Eleventh Circuit Court of Appeals Hears Argument in Olivia Coley-Pearson’s Case

Posted by Southern Center for Human Rights on March 29, 2025

Olivia Coley-Pearson is the first Black woman to serve on Douglas’s City Commission and is actively involved in helping people exercise their right to vote in Coffee County, Georgia—work that has led to multiple arrests based on false reports by election officials.

In 2016, Commissioner Coley-Pearson was charged with four felonies after Coffee County election officials baselessly alleged that she was illegally assisting Black elderly/illiterate voters. She went to trial twice.

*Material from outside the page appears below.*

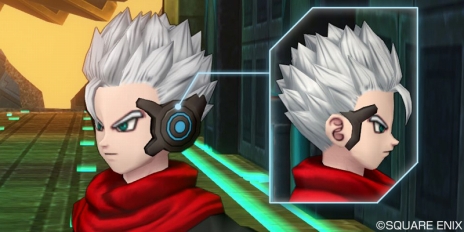 画像ギャラリー No.005のサムネイル画像 / 「ドラゴンクエストモンスターズ ジョーカー3」,新要素のリアクターやモンスターライドも確認できる紹介ムービーを公開。特別体験版も配信開始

Three of the four counts were dismissed at the first trial. In the second trial on the remaining count, SCHR represented Commissioner Coley-Pearson. A jury acquitted her of the final count after deliberating for approximately 20 minutes.

On October 27, 2020, Commissioner Coley-Pearson assisted a voter who had difficulty reading during the early voting period for the general election. Based on false claims that Commissioner Coley-Pearson created a disturbance in the polling place and illegally touched the voting machines, election officials voted to ban her from the premises. Police officers then issued a trespass warning banning her from “any polling place that is controlled by the Coffee County Board of Elections during the time of voting or any other Board of Elections business.” The ban was permanent and impacted her ability to assist voters and constituents as an elected official.

Later that day, in the parking lot in front of the Board of Elections, Commissioner Coley-Pearson was arrested and charged with criminal trespass pursuant to the trespass ban.  (She had returned to the Board of Elections to provide another voter with transportation to and from the polls.)  SCHR represented her again in this newest prosecution, which was later dismissed in December 2022. SCHR also filed a civil rights case challenging the trespass ban and resulting arrest as unconstitutional. After we sought a preliminary injunction, defendants repealed the ban and we settled the claims against the City of Douglas and its officers for damages. But the claims against Coffee County officials remained.

On August 31, 2023, the district court entered an 82-page order granting the defendants’ motion to dismiss on several issues.  The court concluded that the criminal trespass warning was not unconstitutional, and even if it was unconstitutional, it was issued by the city police department and that the vote of the county Board of Elections did not change that fact.  The court also rejected our retaliation claims, despite Ms. Coley-Pearson being targeted again by the same Board of Election personnel, and found qualified immunity protected the individual defendant.

On March 28, 2024, Ms. Coley-Pearson appealed the district court decision to the Eleventh Circuit Court of Appeals, where our co-counsel, Zack Greenamyre, argued for a reversal of the district court order. Ms. Coley-Pearson awaits a ruling from the appellate court.